Ternyata sesampainya di Perancis, kondisinya tidak jauh berbeda. Benabi Sempat hampir terjerumus dalam benci, ketika keinginannya mengeyam pendidikan tinggi di Oriental Institut Perancis harus pupus tanpa kejelasan. Namun, karena terlatih patah mimpi, ia jadi belajar untuk mencintai realita, kemudian menggembangkan filosofinya. Ia terima ketidakberdayaannya mewujudkan cita- citanya, mencari kembali arah- arah baru, hingga berhasil menemukan dirinya.
Masuk ke salah satu Institut Tekhnik Elektro di Paris, Benabi mencoba peruntungan. Awalnya setengah hati belajar, sudah barang tentu, cita-citanya memang dari awal ingin menjadi pemikir, tak pernah terbayang kelak menjadi teknokrat. Namun urung disangka, ternyata ia malah jatuh hati dengan sekolahnya itu.
Setelah meresapi lebih lanjut hikmah keberadaannya di sana, ia malah merasa beruntung bisa bersentuhan langsung dengan kunci kemajuan peradaban Barat. Bahkan, saat di bengkel, kata Benabi, ia merasa menemukan sisi lain dari Islam yang tidak pernah ia temukan sebelumnya. Baginya bengkel merupakan masjid baru- tempatnya beribadah menuntut ilmu.
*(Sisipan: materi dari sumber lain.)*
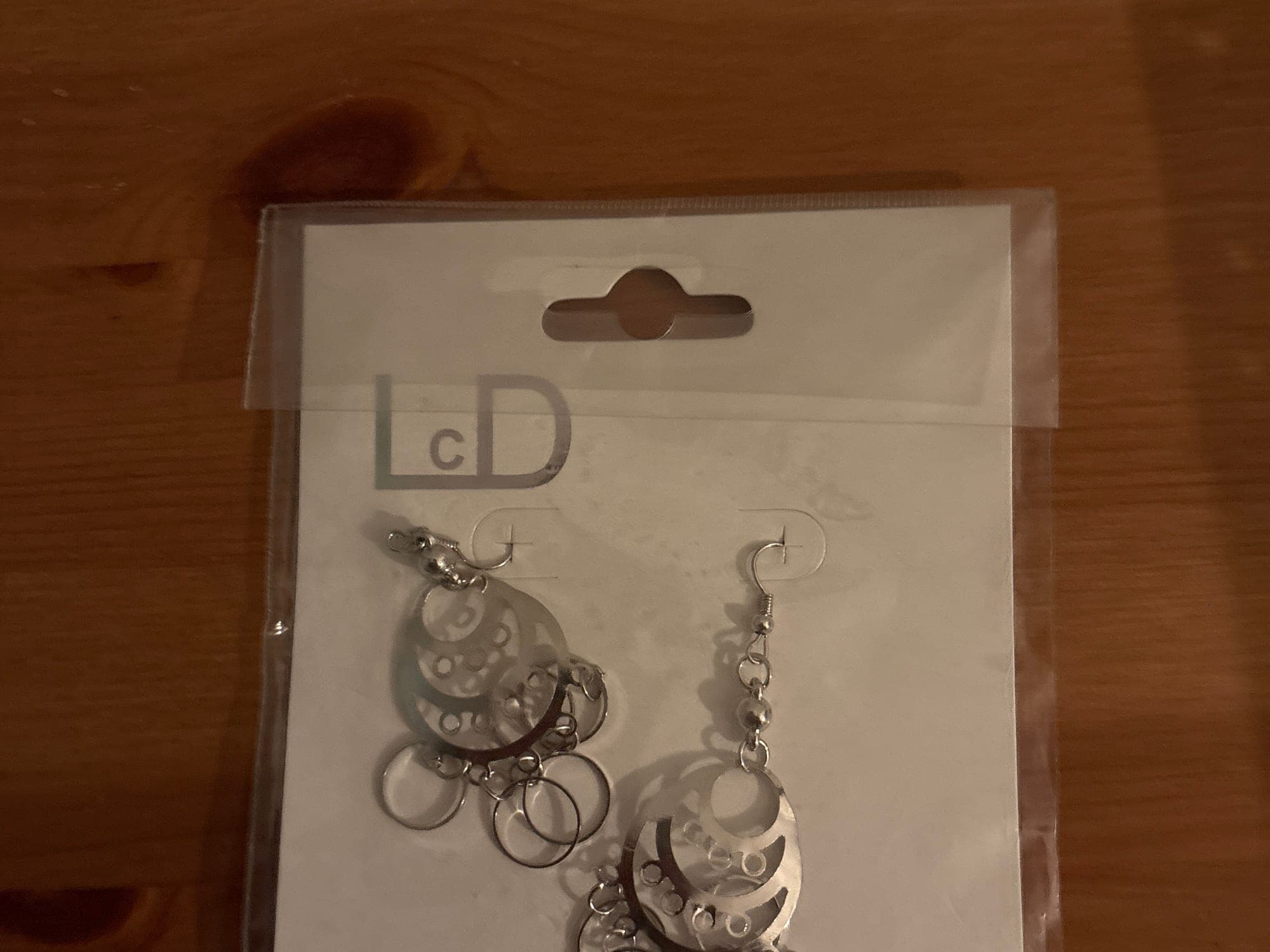 cD zilveren oorbellen met ringen en steentjes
Dengan belajar Tekhnik, Malik bin Nabi malah banyak menemukan inspirasi mematenkan sistematika logis kebangkitan peradaban Islam dalam teori- teorinya. Dengan mudahnya ia mengawinkan teori- teori Fisika ke sebentuk nasehat kepada du'at umat. kata Benabi di sela ta'limnya bersama para pemuda mensyarah materi perubahan energi:
"Sesungguhnya kewajiban seorang muslim terhadap masyarakatnya itu seperti sebuah Transducer (alat pengubah energi) yang dapat mengubah energi terpendam dalam Al- Qur'an kemudian menyalurkannya dalam jiwa setiap orang, juga masyarakat."[iii]
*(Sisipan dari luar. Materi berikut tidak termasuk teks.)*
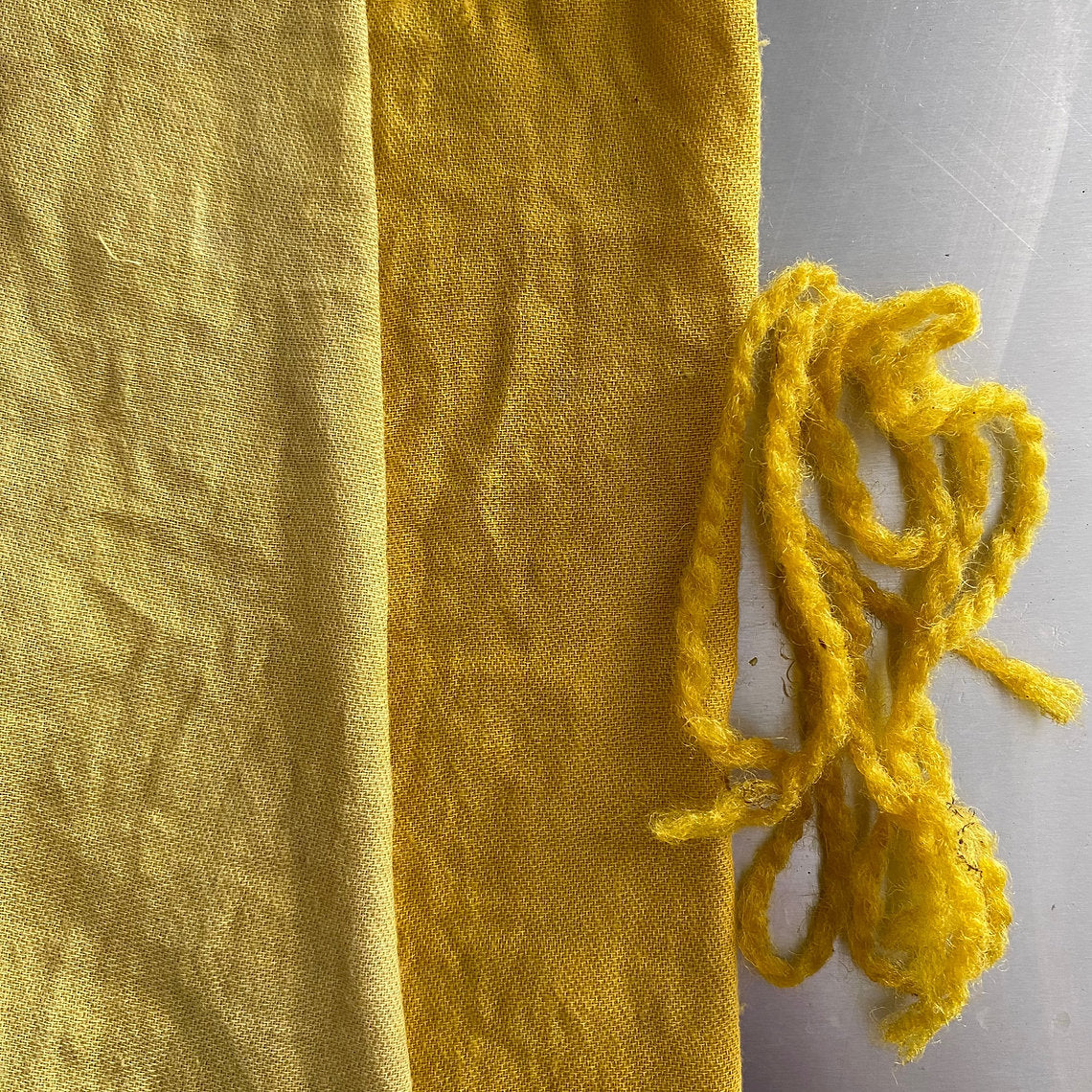 Yellow fabric with a bundle of yellow yarn on a gray surface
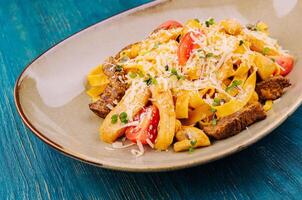 Fettuccine pasta with beef, chicken and parmesan photo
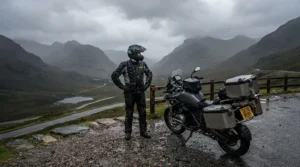 Long-distance touring rider wearing waterproof women's motorcycle boots for rain through a rural mountain pass.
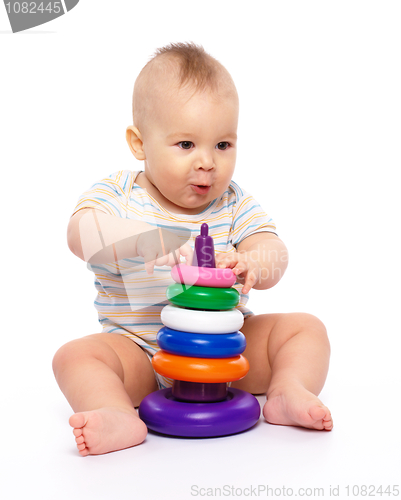 Image of Little boy play with toys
Kegagalan menjadi tidak berarti bagi mereka yang sudah terlatih patah mimpi. Mimpi adalah filosofi. Filosofi adalah perjalanan. Perjalanan tidak selamanya tentang menyusuri indahnya sunset di bibir pantai. Kadang ada kemacetan yang memanggang emosi, sesama pengemudi yang tidak sabaran, bising bunyi klakson segala transportasi. Perjalanan pemimpi, tidak pernah semudah membalik telapak tangan. Â Â
Bagi mereka yang telah terlatih patah mimpi, kebenaran dan kebatilan, kegagalan dan keberhasilan, susah dan senang, semuanya seperti benang hitam dan putih yang jadi satu jalinan. Bagi mereka, itu semua menjadi ihwal yang biasa. Dualisme itu diciptakan agar manusia meyakini, bahwa segalanya tercipta berpasang- pasangan, namun Yang Esa tetaplah Tuhan. Dengan keyakinan itulah pemimpi dapat sepenuh hati mencintai realita perjalanannya, kemudian berhenti untuk memupuk filosofinya.
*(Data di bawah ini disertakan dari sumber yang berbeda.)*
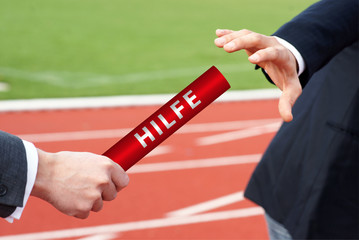 Hilfe geben oder annehmen - Staffelstab Weitergabe im Stadion - Closeup 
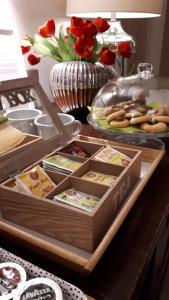 a table with two wooden trays filled with food at B&B Al borgo in Frascati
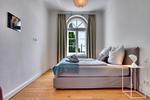 Schlafzimmer - Ferienwohnung Fürst Malte Loft I Design & Pool Putbus - Top-Hundeurlaub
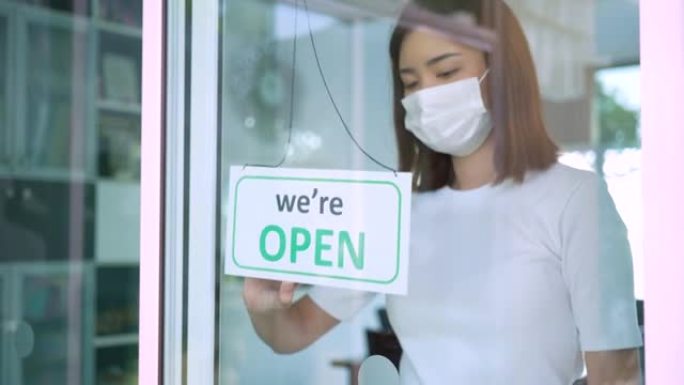 戴口罩的悲伤女人在一家门店从开门转到关门，小店生意后新型冠状病毒肺炎检疫封锁。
Jalan pulang bagi pemimpi memang tidaklah pernah ada, namun waktu untuk berhenti selalu ada pasti. Ada kalanya para petualang mimpi itu di suatu titik harus berhenti. Ketika tempat berteduh dirasa nyaman sesuai diri, segala destinasi mimpi tidaklah lagi berarti. Mulailah menaruh hati pada realita, sesuaikan filosofi pribadi dengannya. Waktunya menetap, memupuk filosofi, jangan terus berjalan, ada waktunya pemimpi berhenti. Kata Syed Naquib al- Attas: "hati- hati dengan pengembaraan tanpa henti."